The Cup arrived at the Redondo Police Department that morning before being escorted by police to the Café, where Kings alums Jim Fox and Daryl Evans carried it into the parking lot for the public to enjoy. With alums Fox, Evans and Nelson Emerson attending, the celebration was a historic one for Los Angeles' premier hockey hot spot.
Considering where the Tsangaris brothers came from, it shouldn't be too surprising how closely the restaurant has become linked with the Kings. Their father owned a barber shop across the street from the Montreal Forum and the family witnessed several Stanley Cup parades in the 1970s. After graduating from Long Beach State and playing six years in the Canadian Football League, Chris Tsangaris returned to Redondo Beach and opened the restaurant with his brother, making sure to include all kinds of Canadian creature comforts.
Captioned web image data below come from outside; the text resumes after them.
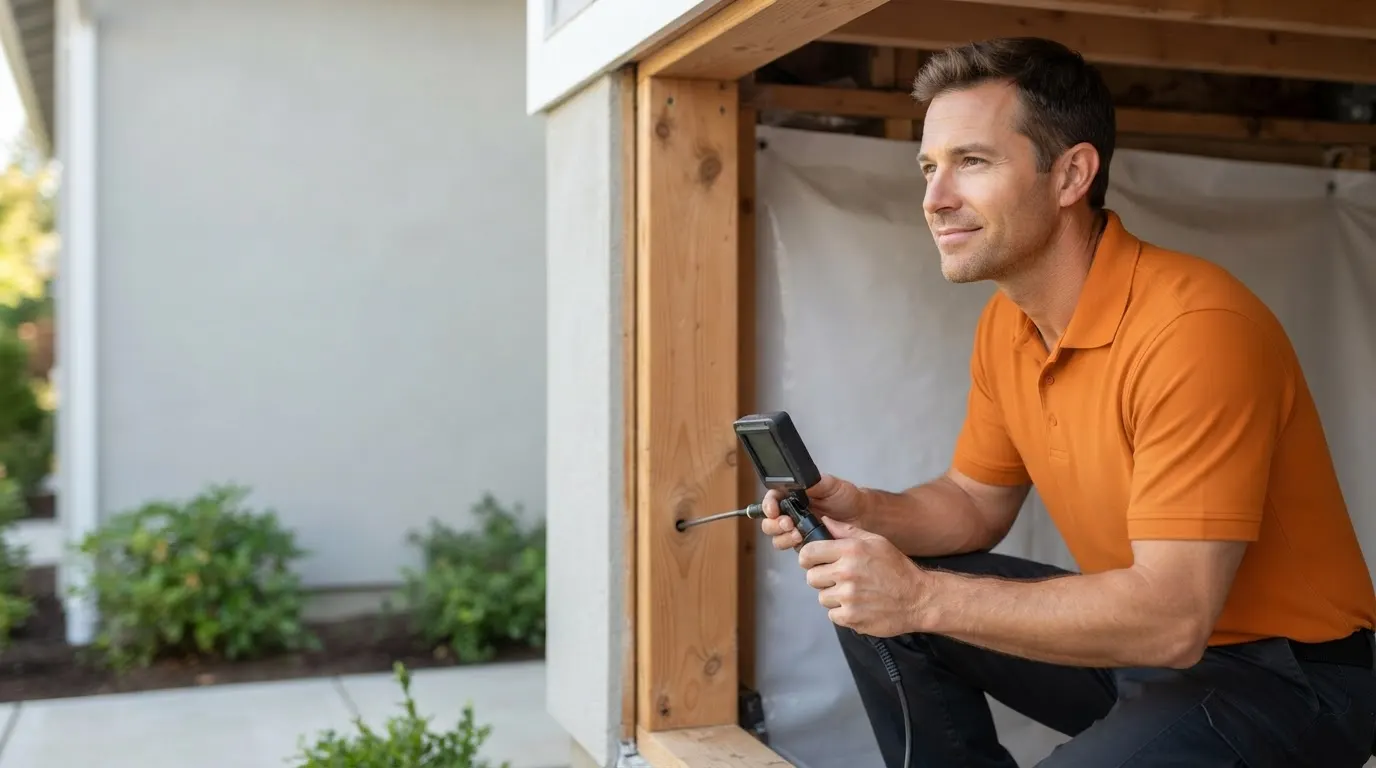 Pest Control Sevice in Kirkland, WA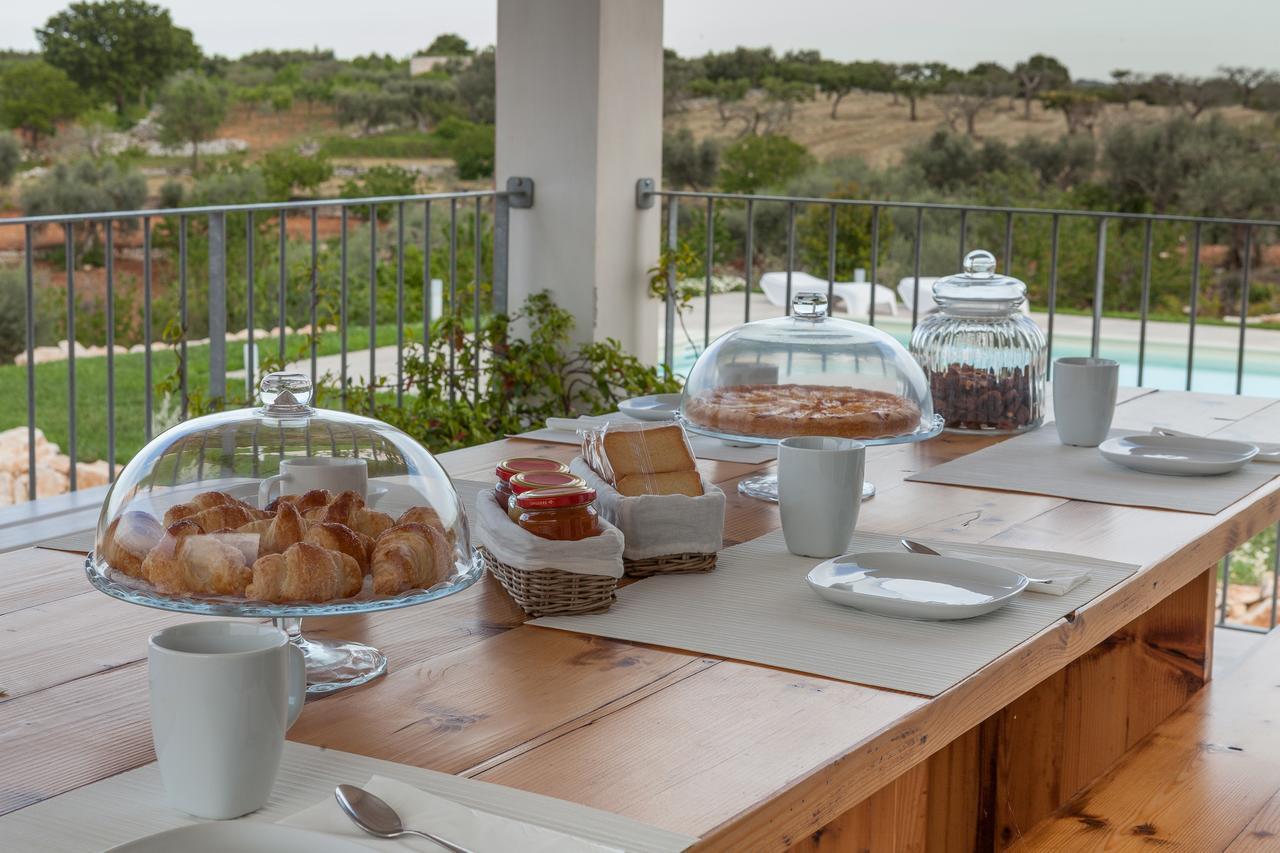 B&B A Casa Di Pier 카스텔라나그로테 외부 사진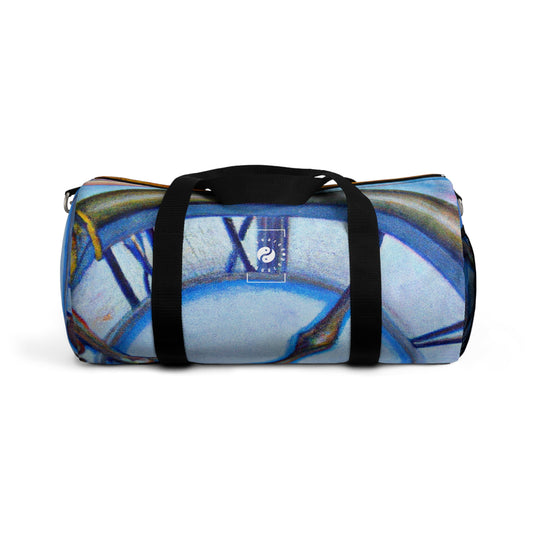 Eduardo da Veronci - Duffle Bag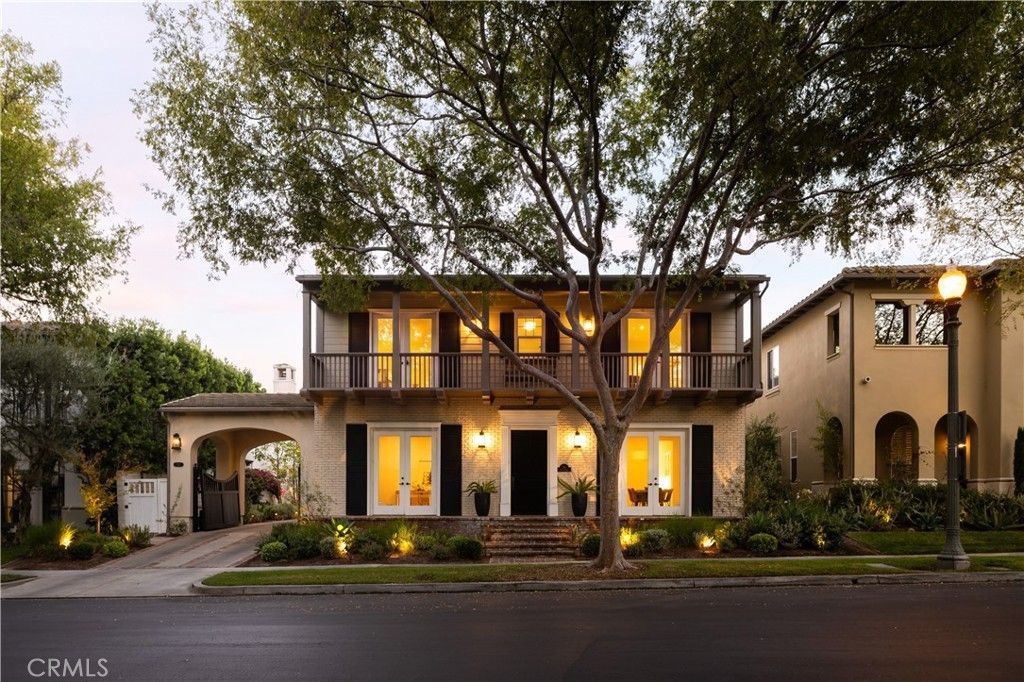 26 Peppertree, Newport Beach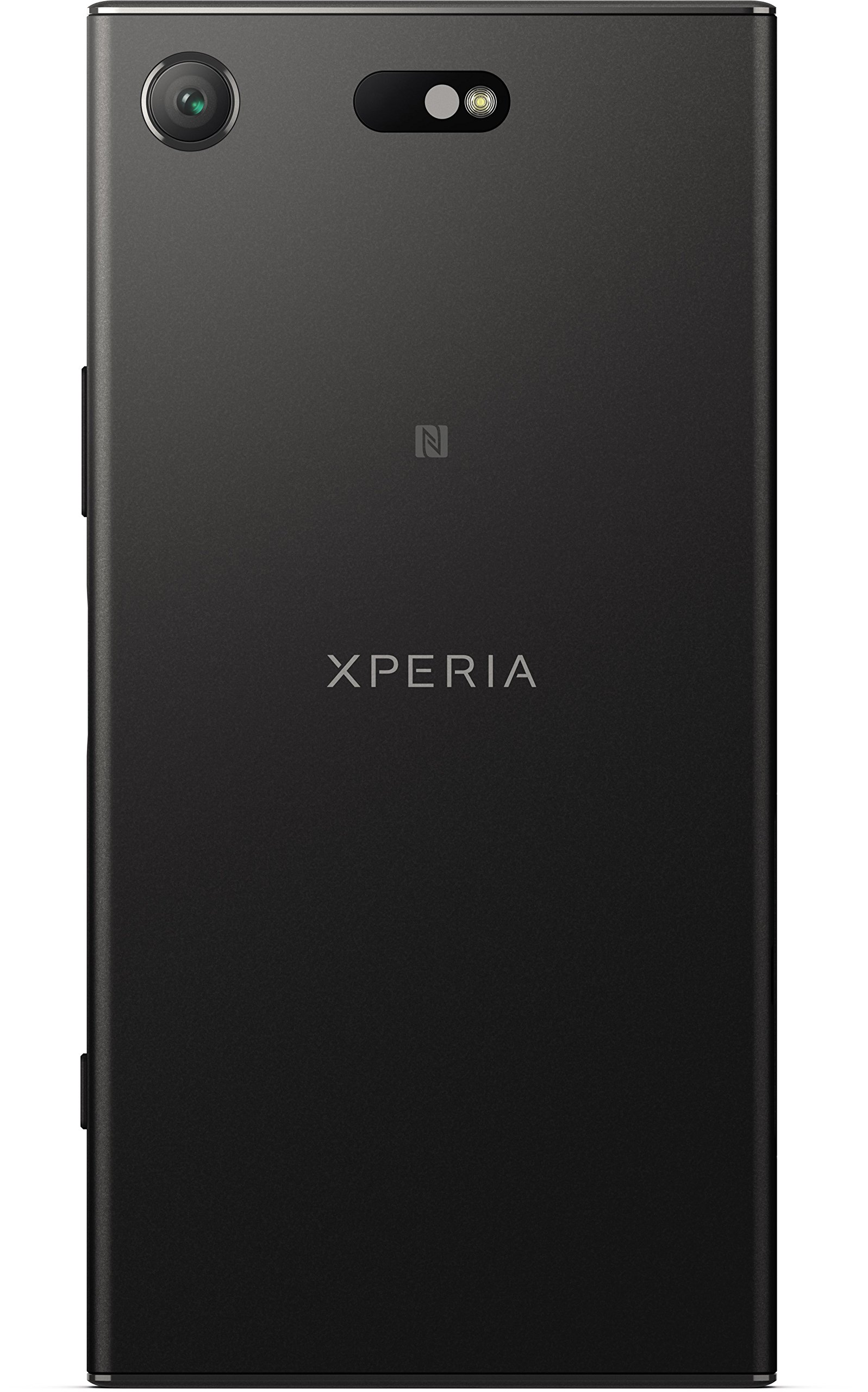 Sony Xperia Xz1 Compact Kamera Einstellungen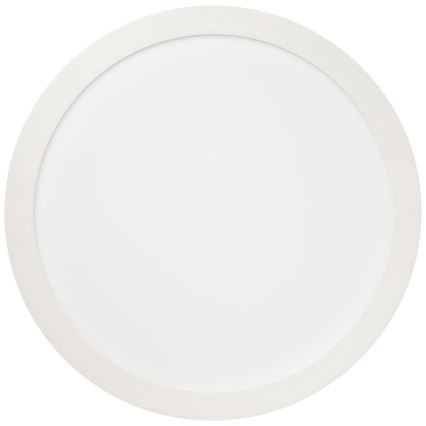 Brilliant - LED RGBW Stmievateľné stropné svietidlo ABIE LED/24W/230V 2700-6500K + diaľkové ovládanie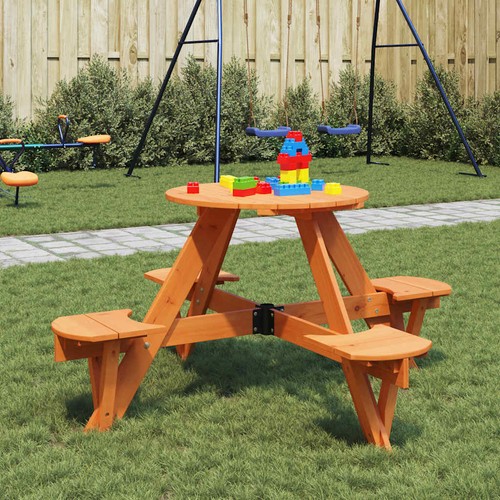 Picknicktisch für kinder - picknicktisch,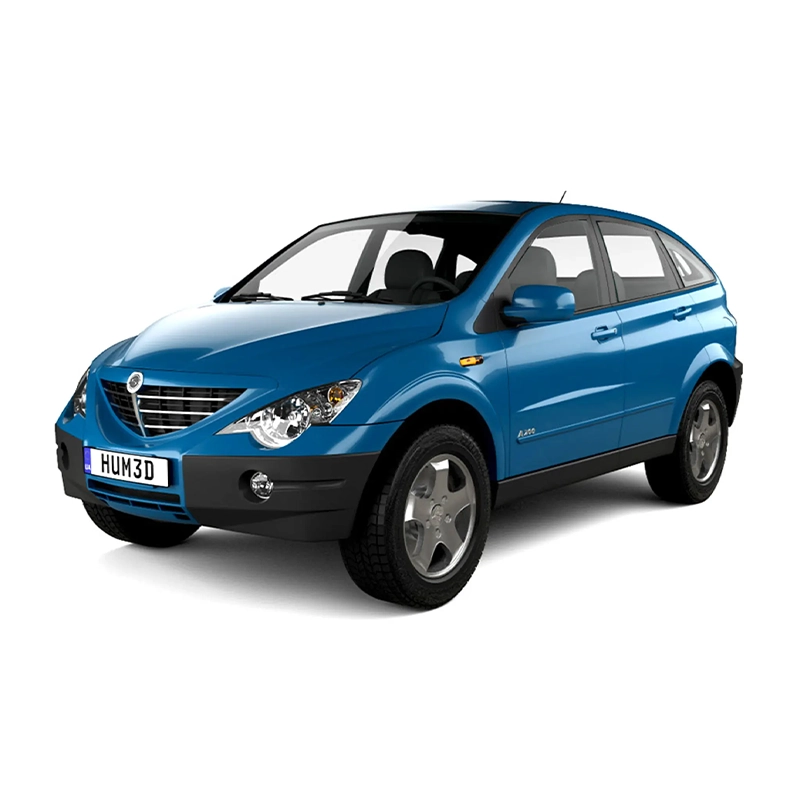 ssang-yong-actyon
That includes countless hockey banners and jerseys hanging from the walls, plenty of Canadian beers available at the bar, and Montreal-style smoked meat and poutine imported from Canada.
It didn't take long for Canadian expats, including Kings players, to take notice.
"Simon Gagne has popped in. He came right off the plane with his dad and his brother from Quebec," Tsangaris told NHL.com. "He said 'Can you believe we're eating poutine and smoked meat here?'"
Thanks to their increasing following with Los Angeles' hockey community and a growing relationship with the Kings, the restaurant became a fan favorite as the team made its historic run toward its first Stanley Cup. When the Kings hoisted the Cup last month, customers could finally stop asking the Montreal-born brothers about their cherished Canadiens' win over the Kings in the 1993 Stanley Cup Final.
"That's a funny relationship we have [with customers]," Chris Tsangaris said of the 1993 Final discussions, noting that an iconic player from that series happens to be a Café regular. "Marty [McSorley} comes in. He usually sits at the table where our [Canadiens' 1993 Cup] banner hangs. We try to position him to look away from the banner. But it is what it is. You move on."
With the Kings set to open the 2012-13 season as the defending Stanley Cup champions, there could be a new banner hanging at the Redondo Beach Café.